Two-thirds of anti-vax propaganda online was created by just 12 influencers, research finds | world news
Research has found that two thirds of the anti-vaccination propaganda posted online is created by just 12 so-called influencers.
Unlike those who describe themselves as vaccine reluctant, anti-vaccinationists tend to use aggressive methods to persuade others not to give themselves injections designed to prevent disease.
The list was compiled by the Center for Countering Digital Hate (CCDH) and found that most figures who claim to be political or medical leaders are based in America.
After social media companies were alerted to the spread of the material, some was removed, but many videos and articles are still online today.
Critics believe some exploit vulnerabilities, meaning that if they publish content under a different name or appear on a page hosted by another user, their anti-vax content will not be removed.
CCDH chief executive Imran Ahmed told Sky News that social media giants “don’t bear any of the costs of the content they host”, including dangerous material that can drive users onto their platforms.
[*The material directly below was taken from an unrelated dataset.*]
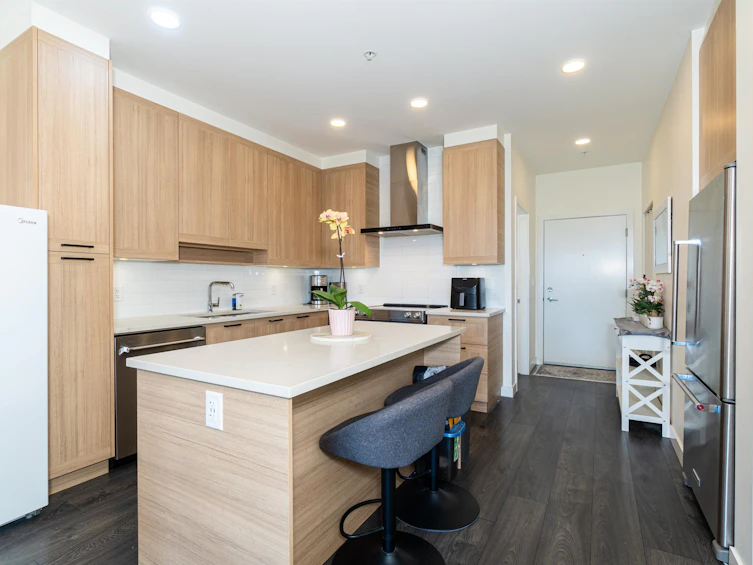 405-7169 14th Avenue, Burnaby, BC, V3N 0H6 - 9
He urged companies to do more to remove it quickly amid fears those unvaccinated remain more vulnerable to COVID-19 infection and, more importantly, hospitalization.
He said the most effective vaccine opponents are “great marketers” and attracted people by creating content about wellness or fertility and then gradually linking those issues to vaccines.
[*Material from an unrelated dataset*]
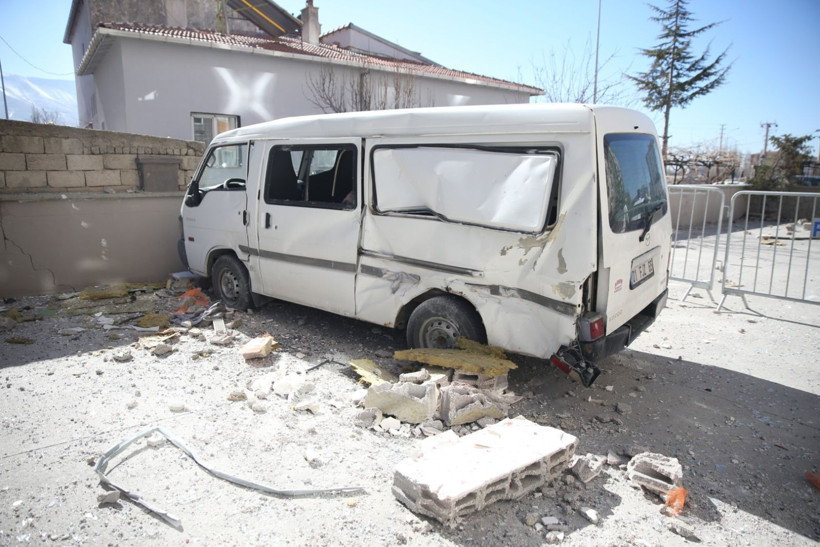Apartmana füze düştü sandılar: Yıkım gün ağarınca anlaşıldı - Resim: 3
Mr Ahmed said the algorithms used by social media platforms then fed people more and more similar content until they saw it online frequently – thus normalizing opinions.
“All the platforms care about is content that people spend time on so they can advertise to them at the same time…they’re reluctant to take credible action,” he said.
Ed Stubbs, a teacher who has developed a teaching pack to counter vaccine hesitancy in schools, said that because young people spend so much time online, they could easily find themselves watching a lot of anti-vaccination content.
He warned that fear of the COVID-19 vaccination program had led to fears of other vaccines being given to young people as a matter of course in schools and a growing general reluctance to get vaccinated against anything.
“Young people obviously look at social media, they see quite a lot of jokes on Instagram and Tik Tok, things like ‘I got my vaccine and then this happened to me,'” he said.
“They’re jokes and students would even tell me and laugh as they say it, but it still has an effect on them and instead of vaccines being something quite boring, boring and necessary, it’s something that’s controversial, weird.” and easy is alarming.”
Mr Stubbs added that labeling people who are unvaccinated as anti-vaccination can be dangerous, particularly in schools, as it drives discussion underground and gives teachers less opportunity to open up conversations that could encourage uptake .
But he also warned that teachers must be willing to explain in no uncertain terms the benefits of vaccination and not sit on the fence about being in a position of trust.
Chris Philp, a minister in the Department for Digital, Culture, Media and Sport, said the government will issue fines and other measures to force social media companies to remove content deemed harmful, but acknowledged that monitoring the Internet is not an easy task.
“The internet is a big space and there’s definitely more work to be done, and we’re committed to making sure we take the necessary action with social media companies,” he said.
“There is always more to do. And indeed, in the coming months, we will be introducing an Online Safety Act to go even further and impose legal obligations on social media companies to ensure that they act in this space.”